◆ TASK TO COMPLETE:
Exactly the lines from the start of the data below through the line containing "Chevrolet-Corvette-1978-Coupe-2" must be returned, and no others.

--- RECORDS FOR THE TASK ---

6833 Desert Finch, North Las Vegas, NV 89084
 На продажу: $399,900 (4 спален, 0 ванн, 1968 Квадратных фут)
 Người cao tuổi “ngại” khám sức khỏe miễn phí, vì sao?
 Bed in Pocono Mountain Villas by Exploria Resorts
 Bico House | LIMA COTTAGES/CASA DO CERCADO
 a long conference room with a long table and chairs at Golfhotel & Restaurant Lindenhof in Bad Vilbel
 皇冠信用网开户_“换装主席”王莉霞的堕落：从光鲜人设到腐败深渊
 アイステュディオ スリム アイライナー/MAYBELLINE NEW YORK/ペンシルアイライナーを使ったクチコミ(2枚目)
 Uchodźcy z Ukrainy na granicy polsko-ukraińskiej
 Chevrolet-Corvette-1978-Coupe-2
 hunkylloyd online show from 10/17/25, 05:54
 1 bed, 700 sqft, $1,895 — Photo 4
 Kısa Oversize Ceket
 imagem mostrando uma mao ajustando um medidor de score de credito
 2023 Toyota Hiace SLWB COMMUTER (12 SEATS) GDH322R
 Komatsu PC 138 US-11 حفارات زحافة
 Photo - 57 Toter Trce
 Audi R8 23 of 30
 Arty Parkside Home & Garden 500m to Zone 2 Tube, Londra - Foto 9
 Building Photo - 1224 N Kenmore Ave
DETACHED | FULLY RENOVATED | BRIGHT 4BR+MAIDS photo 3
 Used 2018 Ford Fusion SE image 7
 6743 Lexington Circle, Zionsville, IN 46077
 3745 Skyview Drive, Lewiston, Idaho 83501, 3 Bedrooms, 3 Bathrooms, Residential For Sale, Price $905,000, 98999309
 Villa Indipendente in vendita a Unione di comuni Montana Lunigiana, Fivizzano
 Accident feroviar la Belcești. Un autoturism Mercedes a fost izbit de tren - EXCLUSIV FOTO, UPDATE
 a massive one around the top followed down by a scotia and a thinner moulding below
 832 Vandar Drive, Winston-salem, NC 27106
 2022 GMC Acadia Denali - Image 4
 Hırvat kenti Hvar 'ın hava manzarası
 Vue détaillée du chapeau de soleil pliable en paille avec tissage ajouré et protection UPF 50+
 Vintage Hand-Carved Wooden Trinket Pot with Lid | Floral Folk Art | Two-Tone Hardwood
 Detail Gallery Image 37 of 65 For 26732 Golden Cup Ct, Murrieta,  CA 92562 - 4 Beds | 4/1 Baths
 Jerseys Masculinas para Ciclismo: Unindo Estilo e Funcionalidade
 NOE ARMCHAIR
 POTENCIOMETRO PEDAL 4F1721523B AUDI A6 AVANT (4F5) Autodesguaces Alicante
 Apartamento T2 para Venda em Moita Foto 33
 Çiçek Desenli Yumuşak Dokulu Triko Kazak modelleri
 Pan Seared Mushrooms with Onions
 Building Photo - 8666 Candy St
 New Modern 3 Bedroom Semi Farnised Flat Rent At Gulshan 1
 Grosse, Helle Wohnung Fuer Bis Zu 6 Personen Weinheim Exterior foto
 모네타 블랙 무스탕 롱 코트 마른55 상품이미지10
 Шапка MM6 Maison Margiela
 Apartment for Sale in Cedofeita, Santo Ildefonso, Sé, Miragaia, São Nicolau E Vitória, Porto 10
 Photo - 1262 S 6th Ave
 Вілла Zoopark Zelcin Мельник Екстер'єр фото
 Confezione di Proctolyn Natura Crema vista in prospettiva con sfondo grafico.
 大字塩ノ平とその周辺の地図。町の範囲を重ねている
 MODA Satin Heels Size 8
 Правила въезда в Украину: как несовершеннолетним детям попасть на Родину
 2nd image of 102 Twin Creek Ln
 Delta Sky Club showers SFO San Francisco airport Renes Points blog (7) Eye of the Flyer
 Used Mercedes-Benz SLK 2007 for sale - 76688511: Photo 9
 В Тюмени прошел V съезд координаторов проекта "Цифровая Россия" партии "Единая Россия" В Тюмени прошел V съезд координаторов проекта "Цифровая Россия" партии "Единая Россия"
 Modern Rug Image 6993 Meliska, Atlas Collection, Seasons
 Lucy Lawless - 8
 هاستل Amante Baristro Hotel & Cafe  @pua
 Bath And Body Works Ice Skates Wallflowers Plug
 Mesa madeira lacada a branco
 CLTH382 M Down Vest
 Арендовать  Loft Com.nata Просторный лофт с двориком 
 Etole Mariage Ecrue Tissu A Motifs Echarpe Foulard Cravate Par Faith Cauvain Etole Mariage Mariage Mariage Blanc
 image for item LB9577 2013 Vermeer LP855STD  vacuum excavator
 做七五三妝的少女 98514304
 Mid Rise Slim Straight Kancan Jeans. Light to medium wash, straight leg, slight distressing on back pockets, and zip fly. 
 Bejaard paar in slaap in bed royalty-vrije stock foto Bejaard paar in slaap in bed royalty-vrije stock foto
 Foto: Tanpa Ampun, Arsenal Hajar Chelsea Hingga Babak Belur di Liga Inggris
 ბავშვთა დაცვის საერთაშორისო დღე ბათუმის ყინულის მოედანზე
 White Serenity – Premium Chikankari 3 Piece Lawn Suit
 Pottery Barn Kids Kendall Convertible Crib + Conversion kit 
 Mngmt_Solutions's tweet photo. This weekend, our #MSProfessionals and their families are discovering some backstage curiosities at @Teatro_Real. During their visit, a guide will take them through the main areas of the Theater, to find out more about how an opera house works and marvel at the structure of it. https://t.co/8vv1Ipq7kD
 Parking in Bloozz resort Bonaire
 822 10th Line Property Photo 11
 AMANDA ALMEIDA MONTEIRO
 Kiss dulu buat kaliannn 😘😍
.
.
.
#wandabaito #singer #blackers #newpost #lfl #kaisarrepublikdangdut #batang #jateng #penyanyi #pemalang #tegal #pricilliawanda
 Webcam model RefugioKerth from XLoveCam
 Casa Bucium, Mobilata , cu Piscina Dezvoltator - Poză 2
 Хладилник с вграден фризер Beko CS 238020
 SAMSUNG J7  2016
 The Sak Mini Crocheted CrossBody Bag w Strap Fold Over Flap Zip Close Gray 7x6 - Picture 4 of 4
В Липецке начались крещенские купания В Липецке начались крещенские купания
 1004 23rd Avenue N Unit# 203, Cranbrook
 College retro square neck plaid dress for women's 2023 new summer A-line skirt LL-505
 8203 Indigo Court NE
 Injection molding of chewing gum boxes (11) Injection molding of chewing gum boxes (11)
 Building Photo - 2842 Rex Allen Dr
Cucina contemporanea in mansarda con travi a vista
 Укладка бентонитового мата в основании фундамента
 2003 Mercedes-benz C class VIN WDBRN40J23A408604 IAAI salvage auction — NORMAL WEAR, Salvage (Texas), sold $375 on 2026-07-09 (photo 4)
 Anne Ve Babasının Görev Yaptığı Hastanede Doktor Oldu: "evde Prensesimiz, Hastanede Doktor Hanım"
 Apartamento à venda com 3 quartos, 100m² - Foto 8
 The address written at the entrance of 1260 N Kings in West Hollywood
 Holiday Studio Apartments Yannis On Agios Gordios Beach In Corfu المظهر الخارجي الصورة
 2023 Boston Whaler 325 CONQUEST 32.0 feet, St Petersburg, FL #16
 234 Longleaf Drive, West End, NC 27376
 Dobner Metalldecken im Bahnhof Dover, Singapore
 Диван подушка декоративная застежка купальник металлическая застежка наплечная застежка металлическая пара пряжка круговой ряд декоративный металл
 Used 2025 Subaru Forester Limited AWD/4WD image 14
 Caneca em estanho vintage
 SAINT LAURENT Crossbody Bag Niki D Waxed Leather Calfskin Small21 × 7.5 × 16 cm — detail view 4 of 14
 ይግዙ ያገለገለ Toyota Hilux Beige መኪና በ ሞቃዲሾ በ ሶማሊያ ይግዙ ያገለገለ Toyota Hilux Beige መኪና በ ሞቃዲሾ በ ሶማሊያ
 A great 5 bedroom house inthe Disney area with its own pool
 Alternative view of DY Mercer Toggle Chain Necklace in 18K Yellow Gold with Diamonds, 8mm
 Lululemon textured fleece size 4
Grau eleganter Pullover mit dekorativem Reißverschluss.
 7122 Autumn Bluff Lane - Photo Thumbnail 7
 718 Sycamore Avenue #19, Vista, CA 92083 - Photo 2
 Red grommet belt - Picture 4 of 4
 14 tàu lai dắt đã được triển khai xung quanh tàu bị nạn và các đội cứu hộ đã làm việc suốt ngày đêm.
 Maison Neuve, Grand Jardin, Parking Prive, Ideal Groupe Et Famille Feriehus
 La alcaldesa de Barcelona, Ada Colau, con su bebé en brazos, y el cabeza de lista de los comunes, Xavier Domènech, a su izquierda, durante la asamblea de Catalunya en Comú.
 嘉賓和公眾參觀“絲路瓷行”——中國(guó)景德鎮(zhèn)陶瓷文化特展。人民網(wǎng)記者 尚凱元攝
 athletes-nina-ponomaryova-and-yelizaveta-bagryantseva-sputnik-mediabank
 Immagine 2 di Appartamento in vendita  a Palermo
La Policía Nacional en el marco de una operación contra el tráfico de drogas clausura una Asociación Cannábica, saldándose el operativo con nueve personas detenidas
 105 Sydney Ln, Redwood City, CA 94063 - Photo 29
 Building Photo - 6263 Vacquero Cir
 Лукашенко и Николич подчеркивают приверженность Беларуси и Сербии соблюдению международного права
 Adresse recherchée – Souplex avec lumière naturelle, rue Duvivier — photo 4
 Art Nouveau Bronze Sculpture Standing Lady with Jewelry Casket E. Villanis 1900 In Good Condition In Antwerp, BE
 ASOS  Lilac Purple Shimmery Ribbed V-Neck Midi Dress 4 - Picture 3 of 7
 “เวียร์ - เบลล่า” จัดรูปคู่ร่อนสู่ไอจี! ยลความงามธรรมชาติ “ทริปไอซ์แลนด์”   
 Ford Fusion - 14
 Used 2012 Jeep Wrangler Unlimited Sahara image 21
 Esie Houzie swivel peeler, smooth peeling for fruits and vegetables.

---

◆ OUTPUT BELOW:
6833 Desert Finch, North Las Vegas, NV 89084
 На продажу: $399,900 (4 спален, 0 ванн, 1968 Квадратных фут)
 Người cao tuổi “ngại” khám sức khỏe miễn phí, vì sao?
 Bed in Pocono Mountain Villas by Exploria Resorts
 Bico House | LIMA COTTAGES/CASA DO CERCADO
 a long conference room with a long table and chairs at Golfhotel & Restaurant Lindenhof in Bad Vilbel
 皇冠信用网开户_“换装主席”王莉霞的堕落：从光鲜人设到腐败深渊
 アイステュディオ スリム アイライナー/MAYBELLINE NEW YORK/ペンシルアイライナーを使ったクチコミ(2枚目)
 Uchodźcy z Ukrainy na granicy polsko-ukraińskiej
 Chevrolet-Corvette-1978-Coupe-2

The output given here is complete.